Task details: When writing out the entries below, keep only the lines from the line with "Yaşlı beyaz çift" to the line with "Man in handcuffs", both included, exactly as they are, and leave the pictures aside.

· · · · ·

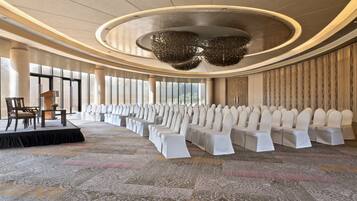 Un salón amplio con filas de sillas blancas, un escenario con sillas y ventanas grandes.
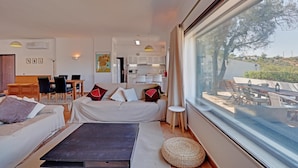 Ein modernes Wohnzimmer mit einer Couch, einem Esstisch und einem durch eine offene Tür einsehbaren Küchenbereich.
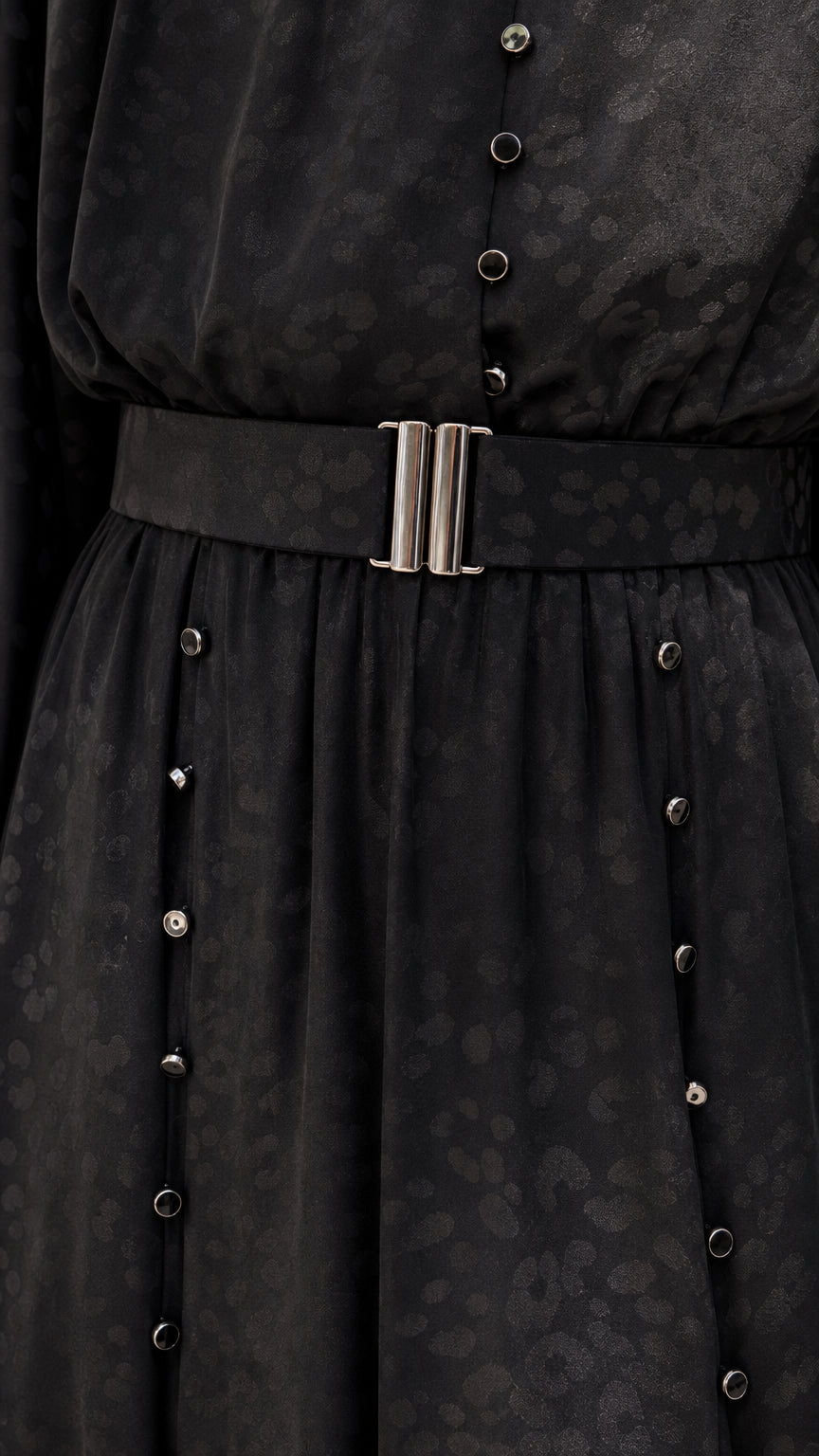 Close-up of black dress belt and button details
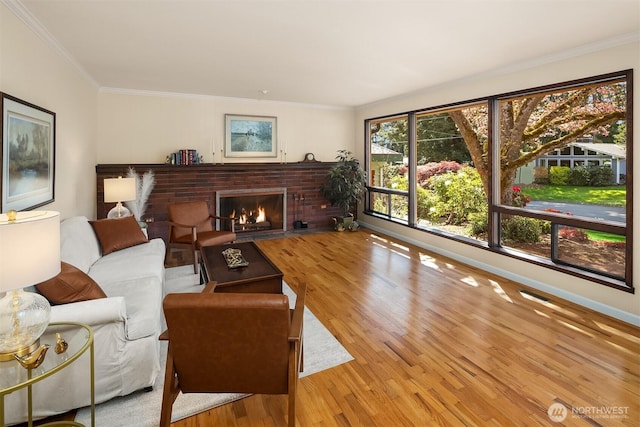 living room featuring crown molding, visible vents, a brick fireplace, wood finished floors, and baseboards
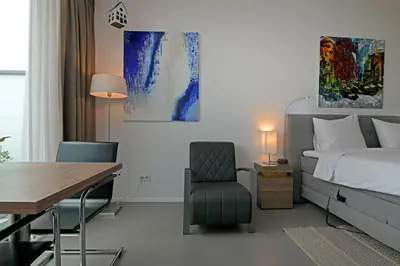 a bedroom with a bed and a desk and a chair at Black Jack Suites in Amsterdam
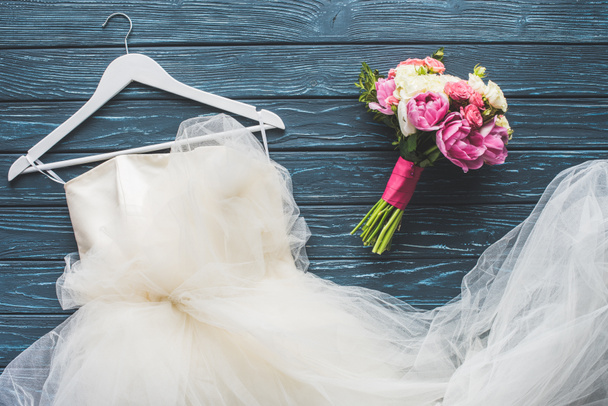 Draufsicht auf Brautstrauß und weißes Kleid auf dunkelblauer Tischplatte - Foto, Bild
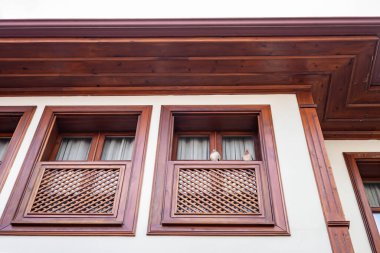 Yaşlı beyaz çift geleneksel binanın ahşap balkonundan gözlem yapıyorlar..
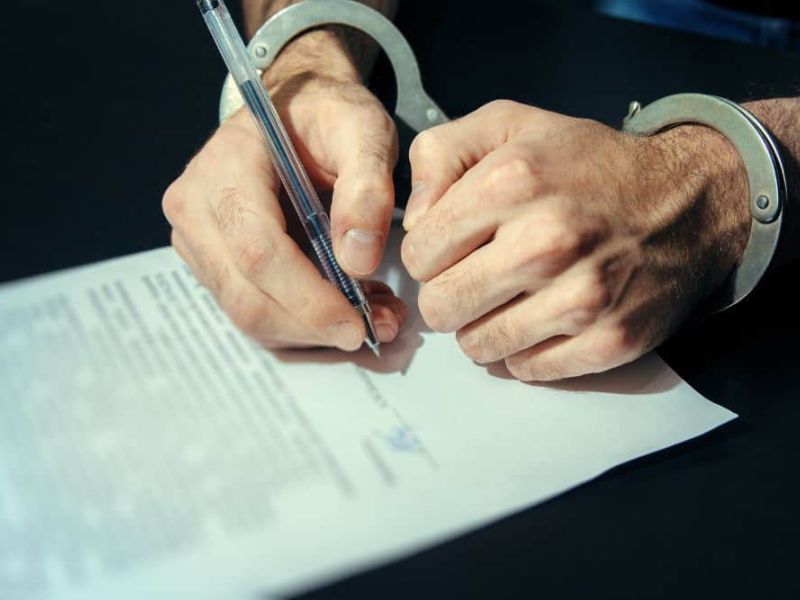 Man in handcuffs signing a plea bargain deal on a dark table with a silver pen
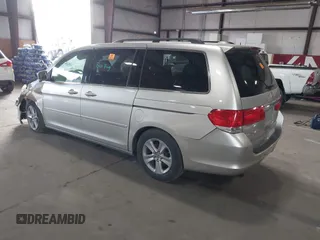 2009 Honda Odyssey Touring с VIN 5FNRL38979B005813, выставлен на аукционе IAAI как лот 41049383 с пробегом 174 897 миль миль и . История ставок и продаж доступна на DreamBid. Изображение 3.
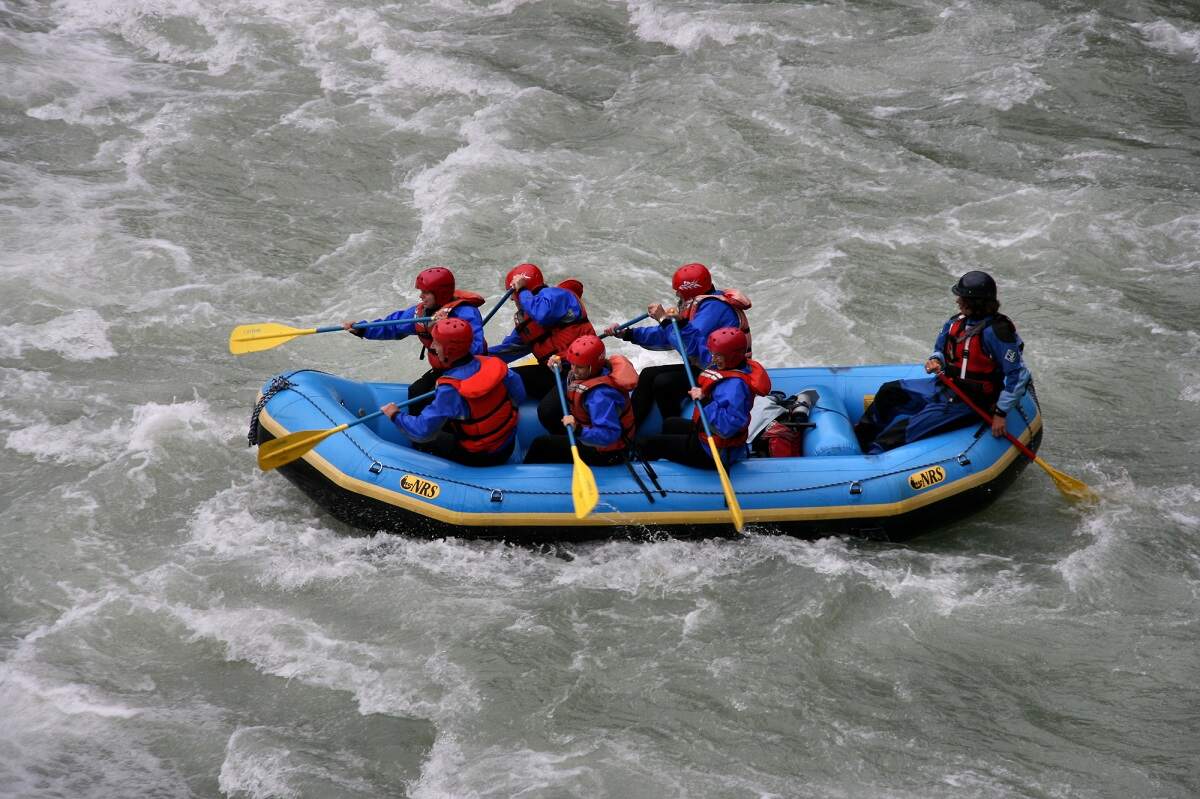 group of people whitewater rafting down the river in Clearwater, BC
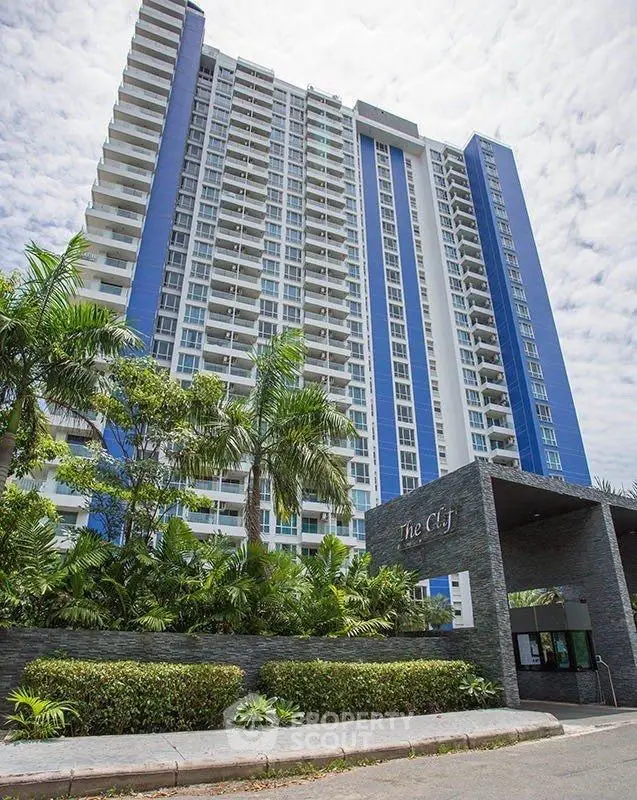 Modern high-rise building with lush greenery and elegant entrance in urban setting.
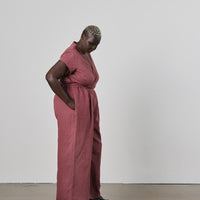 Person wearing a pink jumpsuit standing against a white wall with hand in their pocket.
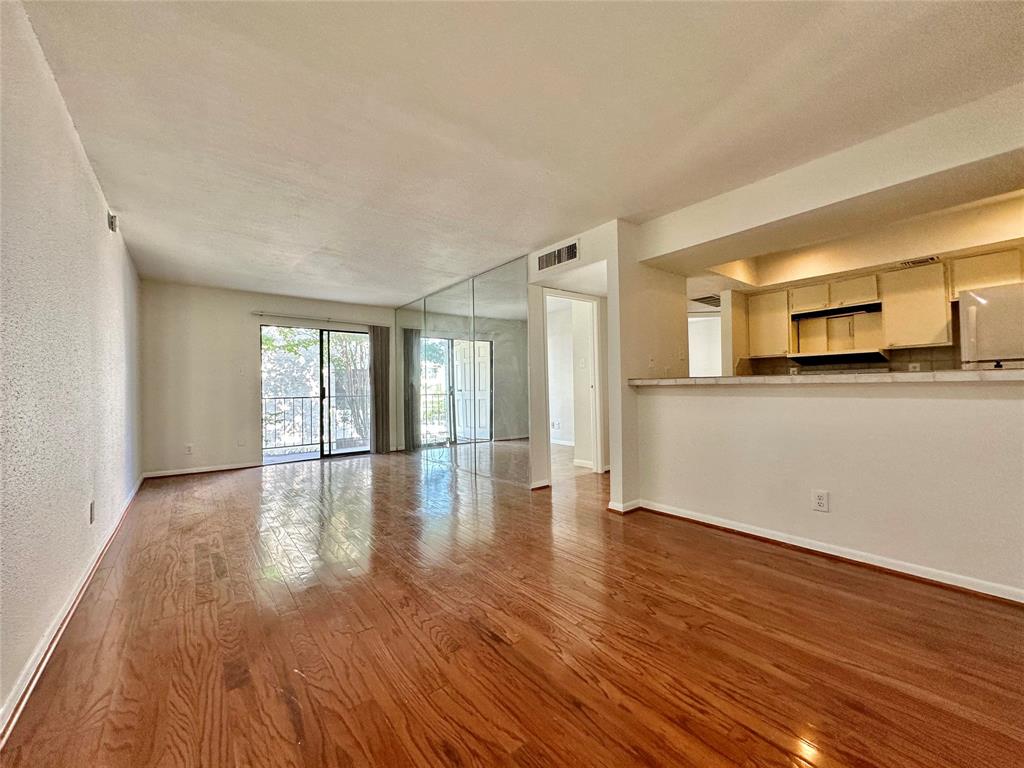 a view of a kitchen with wooden floor and a window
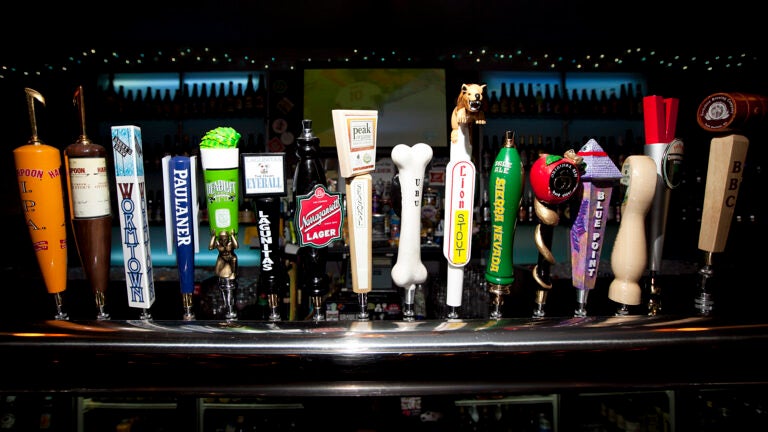 Several beer tap handles at a Boston bar.
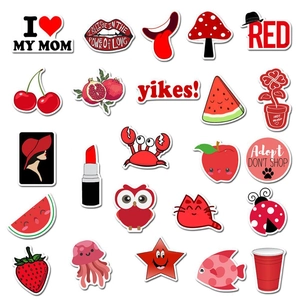 Detail shot of cute red-themed waterproof stickers featuring cherry and cat graffiti designs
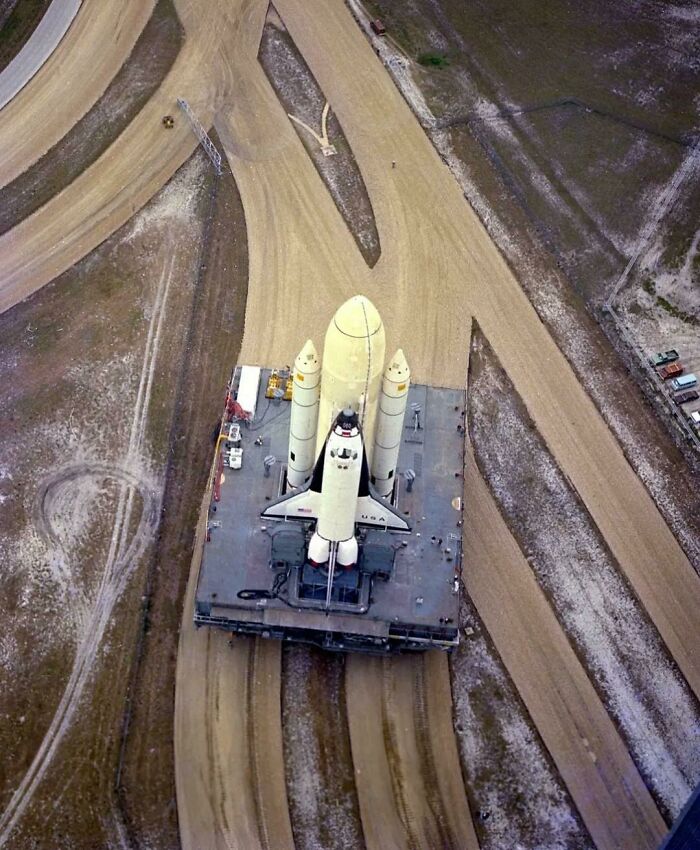 Space Shuttle Columbia On Its Way To Complex 39 Pad A To Be Launched As Sts-1 December 29th 1980. The Crawler Transporter That Carries It From The Vehicle Assembly Building Weighs 6 Million Pounds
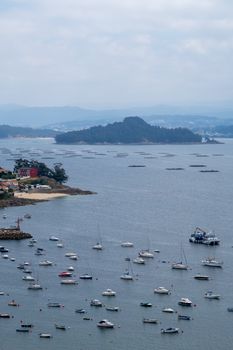 A beautiful aerial view of boats in a harbor with distant islands and cloudy skies.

· · · · ·

Answer below:
 Yaşlı beyaz çift geleneksel binanın ahşap balkonundan gözlem yapıyorlar..
 Man in handcuffs signing a plea bargain deal on a dark table with a silver pen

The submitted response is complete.